CIA torture report seen abroad as proof of U.S. human rights duplicity
Revelations about Central Intelligence Agency mistreatment of captive terrorism suspects spurred worldwide revulsion Tuesday and provided ammunition to foreign critics who accuse the United States of a double standard on human rights at home and abroad.
Advance word of the report’s graphic accounts of degrading and painful “enhanced interrogation techniques” prompted the U.S. government to warn its diplomatic and military personnel around the world to be on guard for violent anti-American backlashes.
The report and the damning details revealed by Senate Intelligence Committee Chairman Sen. Dianne Feinstein (D-Calif.) on the floor of the Senate were received by friendly and hostile nations alike as validation of their criticism of the George W. Bush administration’s secret detention and interrogation programs after the Sept. 11, 2001, attacks.
“This will have a very negative impact on the image of the United States,” Teng Jianqun, director of the Center for Arms Control at the China Institute of International Studies, told state-run CCTV. He said U.S. officials seek to present themselves as “the big boys on human rights affairs in the international community,” publishing evaluations of other countries’ behavior while clandestinely engaging in “notorious” actions of their own.
Teng described release of the report as evidence of the “struggle between the two parties” after Democrats lost control of the Senate in last month’s midterm elections and “tried to gain something” by releasing the report on CIA excesses committed during the eight-year tenure of the Republican Bush.
No high-ranking political leaders in China or Russia were known to have commented on the reported CIA excesses, hewing to their defensive posture that human rights are domestic matters and foreign countries shouldn’t interfere.
But state-run media in both countries reported in detail on the brutal methods used by CIA interrogators in what the report said were vain efforts to elicit information on pending terror plots.
“Interrogation techniques used against terror suspects by the U.S. Central Intelligence Agency were brutal and far worse than the agency presented to policy makers and the American public,” Russia’s Sputnik news agency said in its report.

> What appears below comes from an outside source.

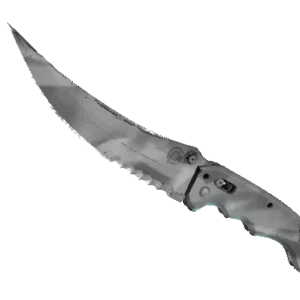 ★ StatTrak™ Flip Knife | Urban Masked (Field-Tested)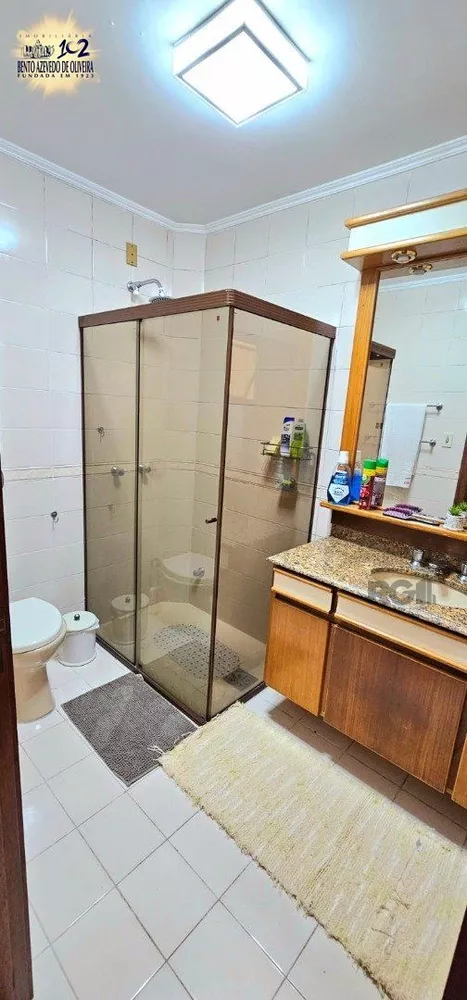 Casa, 5 quartos, 350 m² - Foto 8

Global human rights advocates called for charges to be brought against the American architects and perpetrators of the interrogation tactics that President Obama called “contrary to our values.”
At the United Nations human rights agency in Geneva, on the eve of International Human Rights Day, the world body welcomed the “belated” publication on findings of the Senate investigation into “the crimes of torture and enforced disappearance of terrorist suspects by the Bush-era CIA.”
“It has taken four years since the report was finalized to reach this point,” said Ben Emmerson, special rapporteur on counter-terrorism and human rights. “The individuals responsible for the criminal conspiracy revealed in today’s report must be brought to justice, and must face criminal penalties commensurate with the gravity of their crimes.”
“The report shows the repeated claims that harsh measures were needed to protect Americans are utter fiction,” said Human Rights Watch Executive Director Kenneth Roth. Unless those responsible are made accountable, “torture will remain a ‘policy option’ for future presidents,” Roth said.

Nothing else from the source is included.